TRY IT -
Write the lines below out exactly, dropping each picture.

RECORDED DATA -
::::::::::

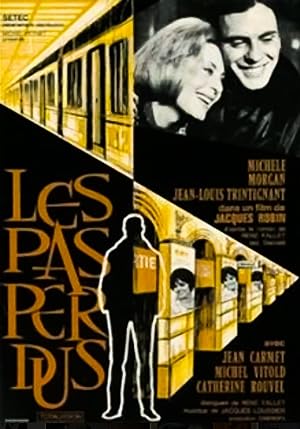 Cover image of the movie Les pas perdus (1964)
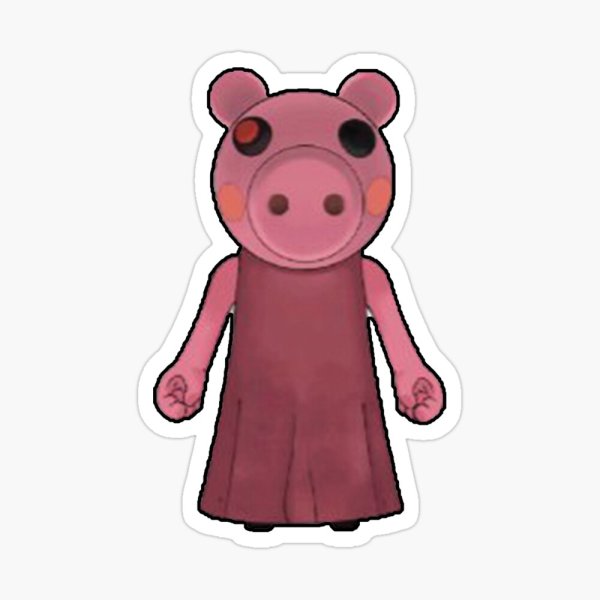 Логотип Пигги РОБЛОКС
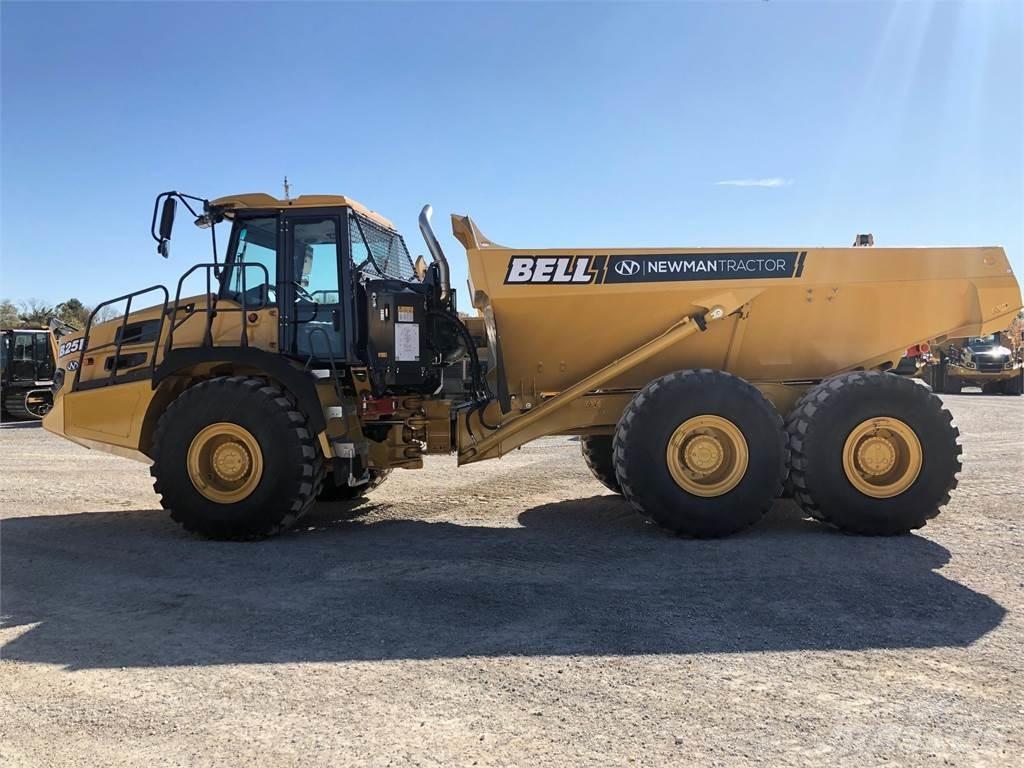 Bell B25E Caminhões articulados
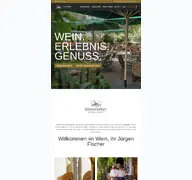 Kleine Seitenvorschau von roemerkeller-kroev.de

::::::::::

RESPONSE AREA -
 Cover image of the movie Les pas perdus (1964)
 Логотип Пигги РОБЛОКС
 Bell B25E Caminhões articulados
 Kleine Seitenvorschau von roemerkeller-kroev.de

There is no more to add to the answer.